With the Compliments of . . .
Winter 1997, Vol. 29, No. 4 | Our Heritage in Documents
By William Gladstone
© 1997 by William Gladstone
While sifting through photographs at the annual Civil War show in Gettysburg, Pennsylvania, in 1996, I came across an albumen print that sparked my interest. The image itself was unremarkable—a dark-haired Union officer, sporting a kepi on his head and either a newspaper or map in his lap, sits in a camp chair outside his tent, apparently deep in thought. To the right is a man in civilian attire, sitting cross-legged on the ground. To the left is a well-dressed African American man holding the reigns of what is presumably the officer’s horse.1 The mat measures 16¼ by 13¼ inches; the print, 10¾ by 7½. Like so many photographs of the period, it bears the “Brady Washington” imprint. On the lower right-hand corner of the mat, however, is a feature that makes the print very unusual—an inscription that reads, “To Capt Janes with compl of M. B. Brady.” Intrigued by my find, I purchased the print.
The Civil War was a watershed event in American history. More than two and a half million men joined the ranks of the Union and Confederate armies; tens of thousands more men, women, and children aided their respective sides as civilians. With enthusiasm for their causes abounding and long absences from loved ones guaranteed, Americans flocked to photographic studios, and the industry boomed.

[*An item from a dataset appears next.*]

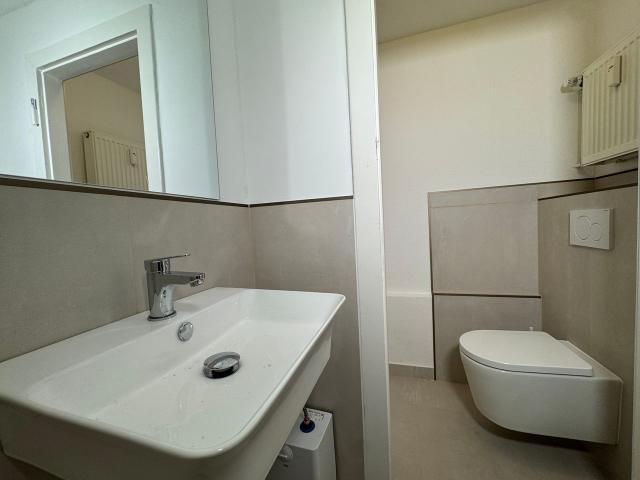 Fully equipped apartment with two bedrooms, each with two beds, Dusseldorf Amsterdam Apartments for Rent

In 1860, the year before the war officially began, there were at least 3,154 photographers in the United States; within a decade, fueled in large part by the public’s demand for news and images of the war, the number had more than doubled to 7,558.2 While many photographers made names for themselves during the conflict, one stands out as synonymous with Civil War photography. His name was Mathew Brady, the very M. B. Brady cited on my print.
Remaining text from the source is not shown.